• EXTRACTED RECORDS
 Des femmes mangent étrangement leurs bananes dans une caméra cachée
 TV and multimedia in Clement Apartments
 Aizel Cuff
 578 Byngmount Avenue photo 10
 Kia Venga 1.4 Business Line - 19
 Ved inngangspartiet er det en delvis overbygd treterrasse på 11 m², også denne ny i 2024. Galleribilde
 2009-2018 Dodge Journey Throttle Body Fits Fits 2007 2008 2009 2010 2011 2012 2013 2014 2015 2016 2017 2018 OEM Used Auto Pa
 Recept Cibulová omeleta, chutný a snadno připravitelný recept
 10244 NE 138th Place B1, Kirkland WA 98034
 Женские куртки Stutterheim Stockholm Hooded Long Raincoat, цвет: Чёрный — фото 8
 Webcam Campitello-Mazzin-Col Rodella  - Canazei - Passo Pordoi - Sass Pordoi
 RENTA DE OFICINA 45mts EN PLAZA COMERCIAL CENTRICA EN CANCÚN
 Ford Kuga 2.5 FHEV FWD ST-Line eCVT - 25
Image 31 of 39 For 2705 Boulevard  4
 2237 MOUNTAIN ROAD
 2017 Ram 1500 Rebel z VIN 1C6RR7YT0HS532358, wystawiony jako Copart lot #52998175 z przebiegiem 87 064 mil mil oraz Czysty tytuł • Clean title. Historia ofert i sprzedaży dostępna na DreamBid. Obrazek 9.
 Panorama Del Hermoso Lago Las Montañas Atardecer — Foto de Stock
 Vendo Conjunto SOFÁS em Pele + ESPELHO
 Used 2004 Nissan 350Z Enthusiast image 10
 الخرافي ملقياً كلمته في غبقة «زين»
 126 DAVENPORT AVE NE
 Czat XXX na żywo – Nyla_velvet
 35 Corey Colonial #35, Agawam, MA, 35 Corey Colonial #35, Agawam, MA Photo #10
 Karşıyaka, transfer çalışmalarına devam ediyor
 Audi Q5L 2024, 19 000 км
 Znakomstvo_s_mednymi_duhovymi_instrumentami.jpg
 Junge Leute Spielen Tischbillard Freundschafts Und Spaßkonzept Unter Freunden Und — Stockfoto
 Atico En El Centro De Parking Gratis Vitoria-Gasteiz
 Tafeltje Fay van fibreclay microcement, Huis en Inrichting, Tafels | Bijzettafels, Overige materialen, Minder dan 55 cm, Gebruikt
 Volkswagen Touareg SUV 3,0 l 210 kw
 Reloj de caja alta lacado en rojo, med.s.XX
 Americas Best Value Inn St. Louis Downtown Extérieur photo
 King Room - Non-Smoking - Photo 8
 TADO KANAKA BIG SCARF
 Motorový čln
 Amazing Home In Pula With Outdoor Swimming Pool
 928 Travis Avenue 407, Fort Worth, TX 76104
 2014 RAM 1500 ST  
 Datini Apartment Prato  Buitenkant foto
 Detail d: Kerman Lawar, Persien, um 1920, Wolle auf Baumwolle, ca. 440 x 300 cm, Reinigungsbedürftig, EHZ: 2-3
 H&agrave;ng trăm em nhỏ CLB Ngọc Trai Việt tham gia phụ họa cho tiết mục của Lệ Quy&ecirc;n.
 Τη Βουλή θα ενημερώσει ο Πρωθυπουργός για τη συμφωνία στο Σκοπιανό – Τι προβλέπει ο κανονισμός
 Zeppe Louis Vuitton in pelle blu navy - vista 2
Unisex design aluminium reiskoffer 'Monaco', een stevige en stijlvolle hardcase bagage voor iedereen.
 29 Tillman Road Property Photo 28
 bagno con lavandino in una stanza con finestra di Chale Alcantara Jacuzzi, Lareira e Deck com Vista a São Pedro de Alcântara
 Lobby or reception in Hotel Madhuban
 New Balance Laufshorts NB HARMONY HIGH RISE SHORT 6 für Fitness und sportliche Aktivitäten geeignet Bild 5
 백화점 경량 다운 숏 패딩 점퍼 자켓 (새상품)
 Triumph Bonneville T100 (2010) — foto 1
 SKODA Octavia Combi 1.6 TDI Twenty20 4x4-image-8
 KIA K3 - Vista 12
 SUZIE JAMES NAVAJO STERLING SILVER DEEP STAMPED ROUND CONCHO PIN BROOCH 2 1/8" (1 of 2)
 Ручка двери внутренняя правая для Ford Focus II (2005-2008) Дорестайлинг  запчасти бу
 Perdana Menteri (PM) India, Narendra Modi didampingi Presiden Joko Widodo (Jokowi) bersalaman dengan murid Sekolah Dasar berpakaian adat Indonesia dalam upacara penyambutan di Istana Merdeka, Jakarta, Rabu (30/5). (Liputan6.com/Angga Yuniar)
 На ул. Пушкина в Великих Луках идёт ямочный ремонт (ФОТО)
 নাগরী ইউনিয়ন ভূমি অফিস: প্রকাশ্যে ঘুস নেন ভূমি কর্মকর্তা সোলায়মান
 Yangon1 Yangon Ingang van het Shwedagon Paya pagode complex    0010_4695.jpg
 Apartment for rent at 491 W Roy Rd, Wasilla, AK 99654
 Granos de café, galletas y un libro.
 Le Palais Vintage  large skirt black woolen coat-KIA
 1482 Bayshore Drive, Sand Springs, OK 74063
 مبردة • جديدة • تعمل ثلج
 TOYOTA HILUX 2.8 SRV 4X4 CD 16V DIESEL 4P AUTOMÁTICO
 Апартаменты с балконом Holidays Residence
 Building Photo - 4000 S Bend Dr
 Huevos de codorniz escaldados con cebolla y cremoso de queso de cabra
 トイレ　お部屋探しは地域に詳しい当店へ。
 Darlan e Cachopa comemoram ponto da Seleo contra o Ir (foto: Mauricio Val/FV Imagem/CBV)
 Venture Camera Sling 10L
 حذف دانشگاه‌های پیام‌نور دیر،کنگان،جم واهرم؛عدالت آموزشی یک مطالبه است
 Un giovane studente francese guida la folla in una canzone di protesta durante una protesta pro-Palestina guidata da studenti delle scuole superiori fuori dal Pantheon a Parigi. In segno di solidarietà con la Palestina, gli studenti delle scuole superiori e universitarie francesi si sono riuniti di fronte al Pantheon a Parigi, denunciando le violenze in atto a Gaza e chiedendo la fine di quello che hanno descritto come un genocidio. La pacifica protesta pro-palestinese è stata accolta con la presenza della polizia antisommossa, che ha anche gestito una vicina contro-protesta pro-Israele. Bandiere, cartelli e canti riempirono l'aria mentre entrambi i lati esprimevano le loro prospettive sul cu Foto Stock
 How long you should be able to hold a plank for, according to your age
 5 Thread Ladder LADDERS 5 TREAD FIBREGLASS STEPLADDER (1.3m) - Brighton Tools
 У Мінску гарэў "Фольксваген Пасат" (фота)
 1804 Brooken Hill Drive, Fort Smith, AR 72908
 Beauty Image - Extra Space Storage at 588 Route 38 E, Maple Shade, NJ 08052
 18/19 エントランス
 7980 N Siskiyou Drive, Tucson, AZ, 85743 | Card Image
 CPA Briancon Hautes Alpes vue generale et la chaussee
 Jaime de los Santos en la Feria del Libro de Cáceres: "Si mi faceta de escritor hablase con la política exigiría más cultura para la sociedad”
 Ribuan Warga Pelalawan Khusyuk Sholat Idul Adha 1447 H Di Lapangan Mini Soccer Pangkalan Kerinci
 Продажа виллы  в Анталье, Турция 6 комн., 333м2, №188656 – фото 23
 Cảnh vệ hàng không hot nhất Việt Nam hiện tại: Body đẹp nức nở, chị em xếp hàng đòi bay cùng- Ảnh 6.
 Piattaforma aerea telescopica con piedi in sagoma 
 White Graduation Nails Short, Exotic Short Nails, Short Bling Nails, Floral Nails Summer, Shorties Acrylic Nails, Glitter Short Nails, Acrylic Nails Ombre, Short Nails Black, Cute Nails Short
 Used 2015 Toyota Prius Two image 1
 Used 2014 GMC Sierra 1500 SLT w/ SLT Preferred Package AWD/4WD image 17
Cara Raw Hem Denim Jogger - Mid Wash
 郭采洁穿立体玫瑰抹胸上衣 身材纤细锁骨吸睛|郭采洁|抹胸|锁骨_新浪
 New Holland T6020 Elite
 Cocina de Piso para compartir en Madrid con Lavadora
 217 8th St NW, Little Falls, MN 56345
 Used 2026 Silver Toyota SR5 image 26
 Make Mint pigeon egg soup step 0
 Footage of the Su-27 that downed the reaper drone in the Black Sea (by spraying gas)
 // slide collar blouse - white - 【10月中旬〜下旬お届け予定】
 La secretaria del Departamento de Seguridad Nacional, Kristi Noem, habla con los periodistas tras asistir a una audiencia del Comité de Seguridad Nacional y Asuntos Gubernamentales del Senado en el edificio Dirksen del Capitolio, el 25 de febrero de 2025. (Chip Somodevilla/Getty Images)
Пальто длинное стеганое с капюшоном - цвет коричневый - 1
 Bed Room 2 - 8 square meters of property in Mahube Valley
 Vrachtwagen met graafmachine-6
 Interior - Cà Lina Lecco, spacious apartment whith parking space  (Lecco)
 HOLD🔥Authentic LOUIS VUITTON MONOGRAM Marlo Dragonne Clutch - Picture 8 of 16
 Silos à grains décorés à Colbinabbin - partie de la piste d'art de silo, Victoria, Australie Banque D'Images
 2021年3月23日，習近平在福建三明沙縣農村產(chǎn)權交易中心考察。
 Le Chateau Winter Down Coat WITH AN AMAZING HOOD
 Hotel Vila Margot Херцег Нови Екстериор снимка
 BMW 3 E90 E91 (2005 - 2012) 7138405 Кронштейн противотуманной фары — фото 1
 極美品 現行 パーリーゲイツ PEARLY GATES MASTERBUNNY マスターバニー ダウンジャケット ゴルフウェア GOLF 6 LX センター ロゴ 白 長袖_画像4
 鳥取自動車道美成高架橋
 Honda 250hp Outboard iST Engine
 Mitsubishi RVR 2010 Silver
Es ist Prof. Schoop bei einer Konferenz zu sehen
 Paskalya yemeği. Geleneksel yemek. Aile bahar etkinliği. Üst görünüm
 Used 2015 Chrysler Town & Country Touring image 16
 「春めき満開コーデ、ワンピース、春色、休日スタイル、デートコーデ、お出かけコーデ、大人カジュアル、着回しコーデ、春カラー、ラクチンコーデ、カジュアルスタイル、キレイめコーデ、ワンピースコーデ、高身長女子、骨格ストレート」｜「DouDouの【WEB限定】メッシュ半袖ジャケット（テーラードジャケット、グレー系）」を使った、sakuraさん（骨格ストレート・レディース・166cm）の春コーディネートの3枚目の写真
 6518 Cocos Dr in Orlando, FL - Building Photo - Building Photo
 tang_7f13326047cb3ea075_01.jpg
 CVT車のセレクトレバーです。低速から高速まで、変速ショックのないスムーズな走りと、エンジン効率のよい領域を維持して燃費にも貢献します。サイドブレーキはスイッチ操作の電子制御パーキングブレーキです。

• YOUR ASSIGNMENT
Can you repeat, word for word, every line above from the one containing "Znakomstvo_s_mednymi_duhovymi_instrumentami.jpg" down to the one containing "Yangon1 Yangon Ingang", including both?

• TASK SOLUTION
 Znakomstvo_s_mednymi_duhovymi_instrumentami.jpg
 Junge Leute Spielen Tischbillard Freundschafts Und Spaßkonzept Unter Freunden Und — Stockfoto
 Atico En El Centro De Parking Gratis Vitoria-Gasteiz
 Tafeltje Fay van fibreclay microcement, Huis en Inrichting, Tafels | Bijzettafels, Overige materialen, Minder dan 55 cm, Gebruikt
 Volkswagen Touareg SUV 3,0 l 210 kw
 Reloj de caja alta lacado en rojo, med.s.XX
 Americas Best Value Inn St. Louis Downtown Extérieur photo
 King Room - Non-Smoking - Photo 8
 TADO KANAKA BIG SCARF
 Motorový čln
 Amazing Home In Pula With Outdoor Swimming Pool
 928 Travis Avenue 407, Fort Worth, TX 76104
 2014 RAM 1500 ST  
 Datini Apartment Prato  Buitenkant foto
 Detail d: Kerman Lawar, Persien, um 1920, Wolle auf Baumwolle, ca. 440 x 300 cm, Reinigungsbedürftig, EHZ: 2-3
 H&agrave;ng trăm em nhỏ CLB Ngọc Trai Việt tham gia phụ họa cho tiết mục của Lệ Quy&ecirc;n.
 Τη Βουλή θα ενημερώσει ο Πρωθυπουργός για τη συμφωνία στο Σκοπιανό – Τι προβλέπει ο κανονισμός
 Zeppe Louis Vuitton in pelle blu navy - vista 2
Unisex design aluminium reiskoffer 'Monaco', een stevige en stijlvolle hardcase bagage voor iedereen.
 29 Tillman Road Property Photo 28
 bagno con lavandino in una stanza con finestra di Chale Alcantara Jacuzzi, Lareira e Deck com Vista a São Pedro de Alcântara
 Lobby or reception in Hotel Madhuban
 New Balance Laufshorts NB HARMONY HIGH RISE SHORT 6 für Fitness und sportliche Aktivitäten geeignet Bild 5
 백화점 경량 다운 숏 패딩 점퍼 자켓 (새상품)
 Triumph Bonneville T100 (2010) — foto 1
 SKODA Octavia Combi 1.6 TDI Twenty20 4x4-image-8
 KIA K3 - Vista 12
 SUZIE JAMES NAVAJO STERLING SILVER DEEP STAMPED ROUND CONCHO PIN BROOCH 2 1/8" (1 of 2)
 Ручка двери внутренняя правая для Ford Focus II (2005-2008) Дорестайлинг  запчасти бу
 Perdana Menteri (PM) India, Narendra Modi didampingi Presiden Joko Widodo (Jokowi) bersalaman dengan murid Sekolah Dasar berpakaian adat Indonesia dalam upacara penyambutan di Istana Merdeka, Jakarta, Rabu (30/5). (Liputan6.com/Angga Yuniar)
 На ул. Пушкина в Великих Луках идёт ямочный ремонт (ФОТО)
 নাগরী ইউনিয়ন ভূমি অফিস: প্রকাশ্যে ঘুস নেন ভূমি কর্মকর্তা সোলায়মান
 Yangon1 Yangon Ingang van het Shwedagon Paya pagode complex    0010_4695.jpg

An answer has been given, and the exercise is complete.